Work order
Repeat what the lines below say, word for word, and skip every image.

+++ Material provided

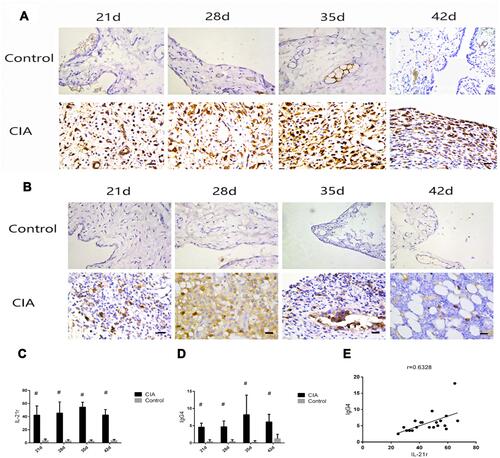 Figure 4 Expression of IL-21r and IgG4 in experimental rats. (A) IL-21r was not significantly upregulated in the ankle joints of control group rats at various stages. Positive IL-21r cells were observed in the CIA group between days 21 and 42, and their expression was mainly concentrated on the thickened synovial membrane. Various inflammatory cells were mainly found in the 42 day group (IL-21r x400). (B) IgG4 expression in rats; there was no obvious IgG4 expression at all stages of the ankle joint in the control group. IgG4-positive cells were observed from days 21 to 42 in the CIA group, which were primarily expressed in the thickened synovial membrane (IgG4 x400); bars = 50 μm. (C) Expression of IL-21r in the ankle joints of the CIA group significantly exceeded that in the negative group in four stages (P < 0.05). (D) IgG4 expression of each group; the outcome of IgG4 in the CIA group was significantly higher than that in the negative group at the four stages (P < 0.05) (Mann–Whitney U-test). (E) IgG4 and IL-21r inflammatory cells showed a positive relationship in the model group (r = 0.633, P < 0.05) (Spearman correlation analysis). #P < 0.05.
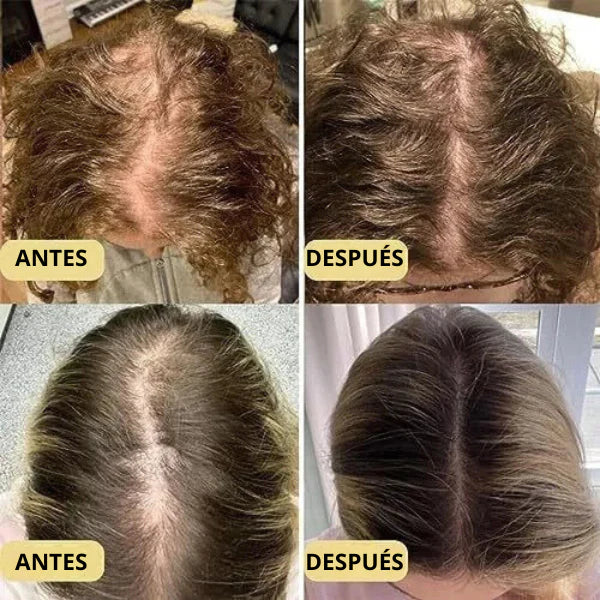 Crecimiento Del Cabello | Aceite Natural Vegano 2X1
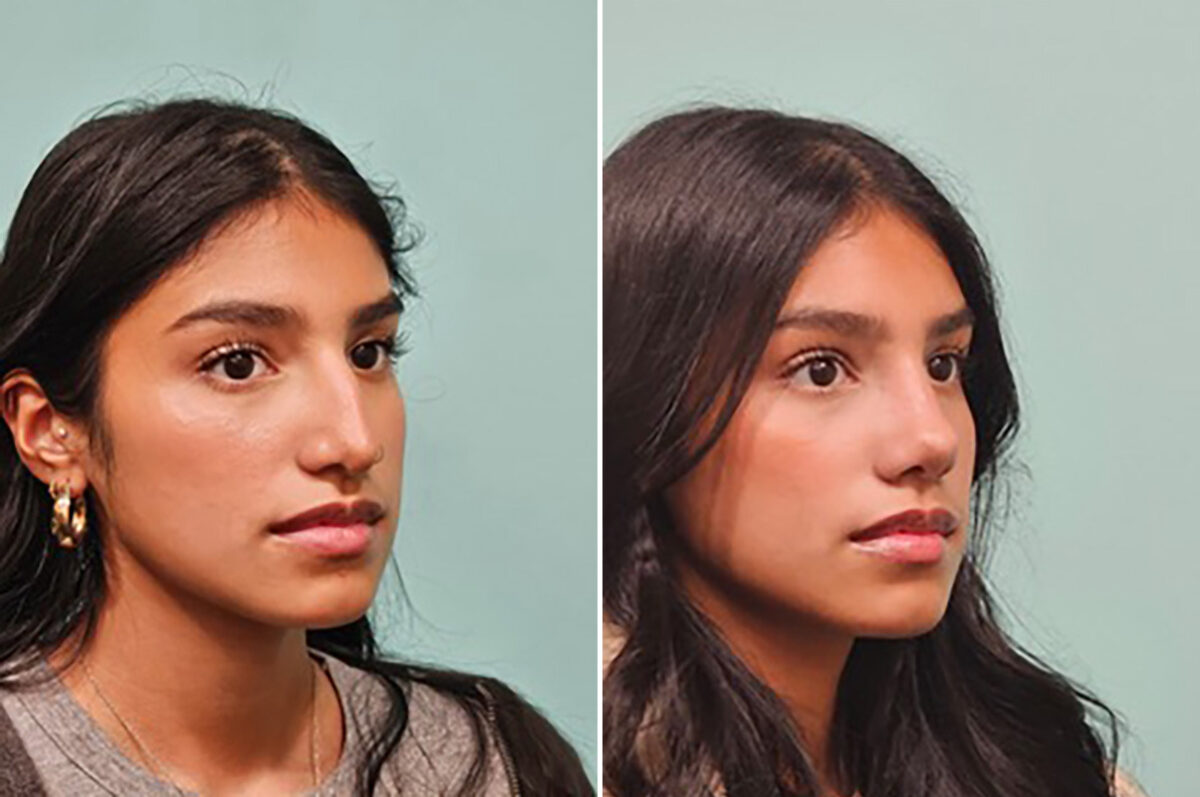 Before and after Rhinoplasty by Dr. Shervin Naderi, Patient 49893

++++++

Final answer
 Figure 4 Expression of IL-21r and IgG4 in experimental rats. (A) IL-21r was not significantly upregulated in the ankle joints of control group rats at various stages. Positive IL-21r cells were observed in the CIA group between days 21 and 42, and their expression was mainly concentrated on the thickened synovial membrane. Various inflammatory cells were mainly found in the 42 day group (IL-21r x400). (B) IgG4 expression in rats; there was no obvious IgG4 expression at all stages of the ankle joint in the control group. IgG4-positive cells were observed from days 21 to 42 in the CIA group, which were primarily expressed in the thickened synovial membrane (IgG4 x400); bars = 50 μm. (C) Expression of IL-21r in the ankle joints of the CIA group significantly exceeded that in the negative group in four stages (P < 0.05). (D) IgG4 expression of each group; the outcome of IgG4 in the CIA group was significantly higher than that in the negative group at the four stages (P < 0.05) (Mann–Whitney U-test). (E) IgG4 and IL-21r inflammatory cells showed a positive relationship in the model group (r = 0.633, P < 0.05) (Spearman correlation analysis). #P < 0.05.
 Crecimiento Del Cabello | Aceite Natural Vegano 2X1
 Before and after Rhinoplasty by Dr. Shervin Naderi, Patient 49893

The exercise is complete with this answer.